Inorganic Chemistry III – Research Group Senker

Print page

Computational Chemistry

NMR Spectroscopy has been proven to be a powerful tool for structure determination in solid state. However, without proper structural models, interpretation of NMR observables remains qualitative. Thus the first, crucial step in structure determination with solid-state NMR is to provide reasonable starting models. For setting up structural models, we mainly utilize empiric descriptions and force field methods, as to achieve cost efficient sampling of the hyperspace.

These models can then be refined using more accurate methods like DFT calculations. Depending on the system in question, we use either a cluster approach or periodic boundary conditions. Once a structural model is known, we can calculate NMR parameters from the structure to compare them to the measurement. This may involve calculating observables like the chemical shielding, the alignment of the chemical shielding anisotropy tensor or the J-coupling, or simply distance patterns for calculating exchange rates in cross polarization experiments or simulating REDOR curves. In the long run this shall support the development of routines to automatically perform the setup, adaption and fitting of structural models to the experimental data.

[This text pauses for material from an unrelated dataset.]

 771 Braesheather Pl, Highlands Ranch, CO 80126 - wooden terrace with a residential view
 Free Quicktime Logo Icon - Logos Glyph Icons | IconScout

Top: Experimantal 13C-NMR-spectrum for melon (blue). Calculated values for the isotropic chemical shielding are given for the different carbon sites.

Right: Volume plot of the electron density (of the respective Kohn-Sham-States) for the three highest bands in benzene (blue, green and grey). The orange mesh represents the sum of the three bands, which gives idea of the electron densitiy for the PI-system.

Bottom: Three-dimensional plot of the nuclear independent shielding  values within the molecular plane of benzene. Blue denotes negative shielding values around -10 ppm, red denotes positive shielding values around +10 ppm. Highest values above +10 ppm are truncated.